If you ever sat behind your computer watching the market hysteria of the last 18 months and jokingly asking yourself whether or not "investors" bidding up meme-stonk garbage and obvious frauds were drunk, the answer is apparently "yes".
At least, that's what a new survey published by MarketWatch shows: an astounding 59% of Gen Z traders have admitted to trading while drunk, the survey showed. That number falls to 32% when all U.S. traders of every age are queried.
The data goes hand in hand with the rise in “emotionally charged” investing, the piece notes. 66% of Americans in the same survey admitted to making "impulsive investment decisions".
The author of the study, Kamaron McNair, commented: “One can imagine how trading apps make this easier than in the old days when an investor might have had to call their broker from the bar.”
The impact is likely disproportionately felt by younger generations due to the "gamification" of apps like Robinhood, according to the Addiction Center, an informational group for people struggling with substance-use disorders and co-occurring behavioral and mental-health disorders.
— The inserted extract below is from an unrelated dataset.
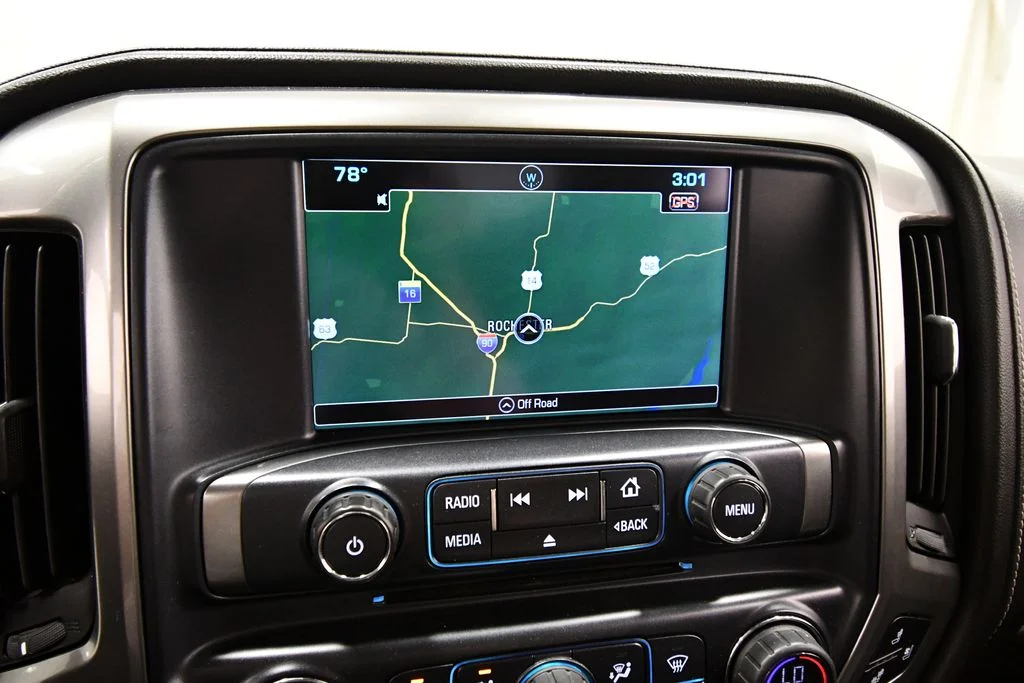 Used 2018 Blue Chevrolet LTZ image 23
The Center commented: “The app’s simplicity and graphic design make trading feel like gaming. The platform has drawn in young investors by presenting complex financial instruments like a fun game. Unfortunately, financial experts believe that instead of helping users, the app is purposely downplaying trading risks. They suspect it to be a method to get users hooked to their platform.”
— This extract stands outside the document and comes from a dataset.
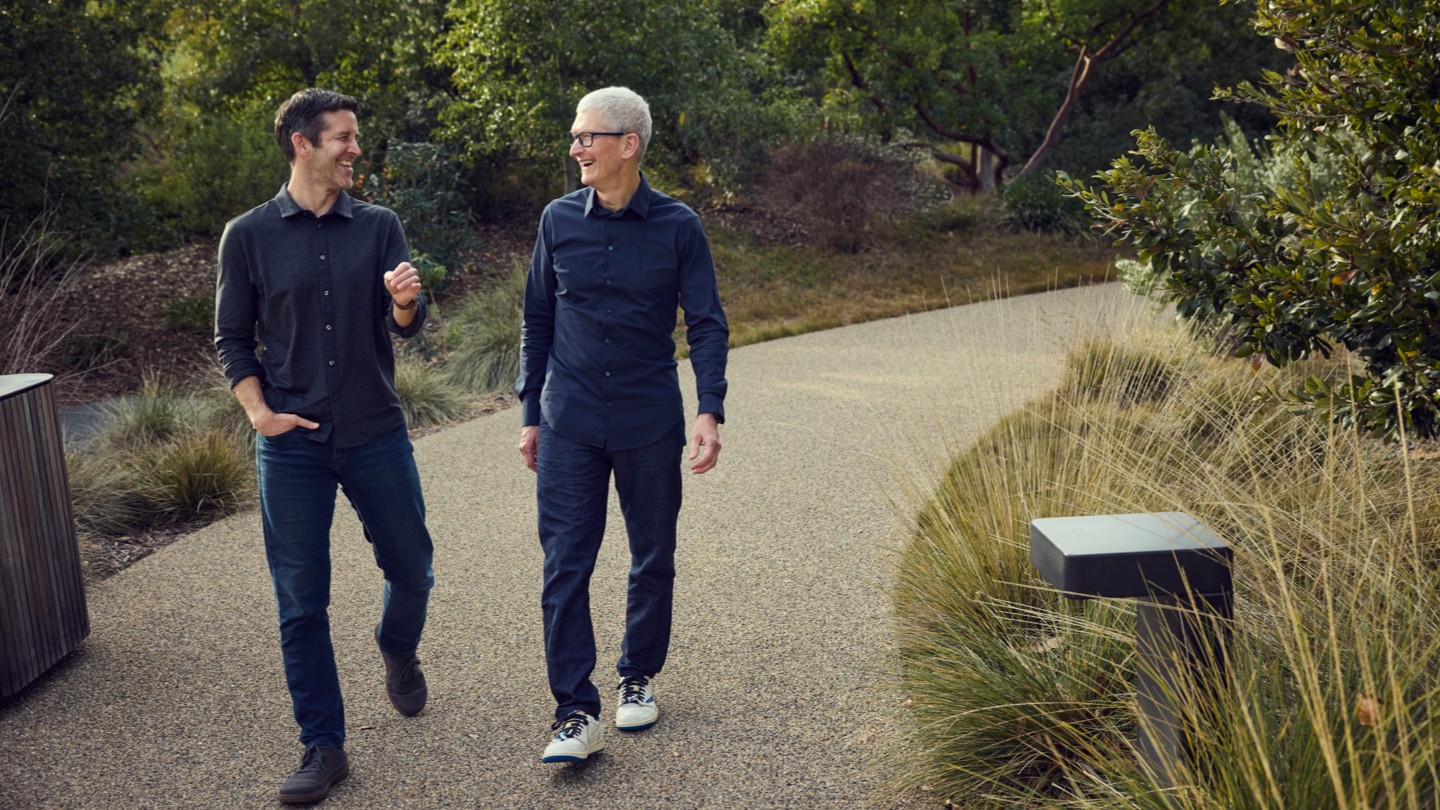 Tim Cook y John Ternus paseando juntos por Apple Park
It continued: “When a new member joins the platform, an image of a digital scratch-off lottery ticket pops up on their screen. The picture is a welcome stub, a gift for joining Robinhood’s community. The app’s stub promises a free share of stock worth anywhere from $2.50 to $200. If the new trader wants the prize, they have to play by ‘scratching off’ the image like a lotto ticket."
The survey polled 1,116 U.S. consumers in June of 2021, by generation.